• Problem: What you return must be the full data, repeated verbatim, with no pictures in it.

• Data extract:

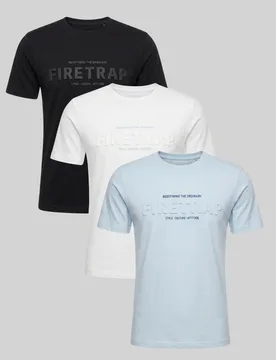 Mens Multi 3 Pack Regular Fit Cotton Crew T-Shirts - Multicolour - Size Large - Firetrap - FashionsVida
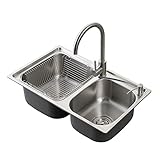 Tophome キッチンシンク　台所の流し台　2槽　#304ステンレス製流し台　キッチン用流し台(蛇口なし)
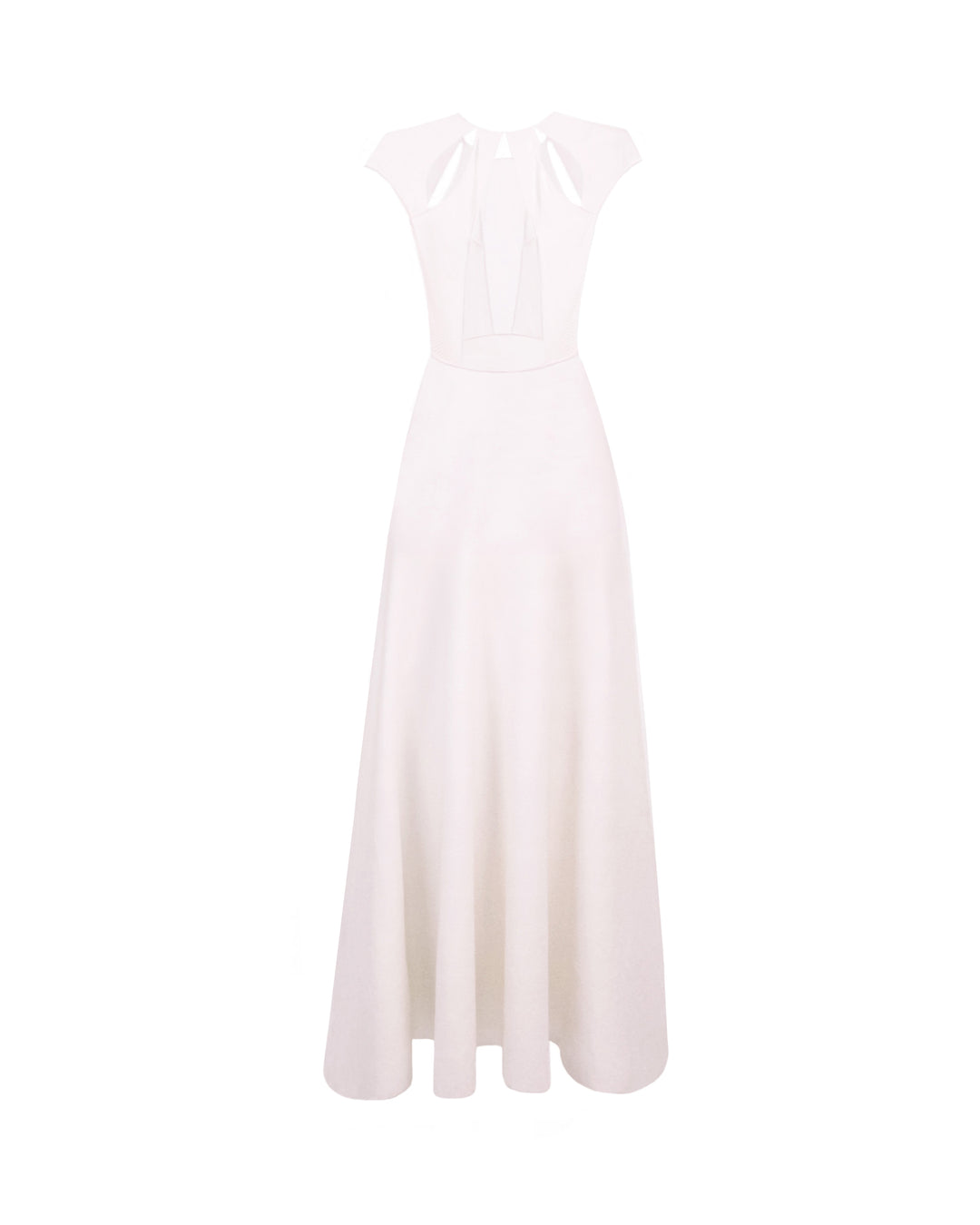 The back of a white midi knit dress featuring cut-outs on the shoulders and an open back.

• Task response:
 Mens Multi 3 Pack Regular Fit Cotton Crew T-Shirts - Multicolour - Size Large - Firetrap - FashionsVida
 Tophome キッチンシンク　台所の流し台　2槽　#304ステンレス製流し台　キッチン用流し台(蛇口なし)
 The back of a white midi knit dress featuring cut-outs on the shoulders and an open back.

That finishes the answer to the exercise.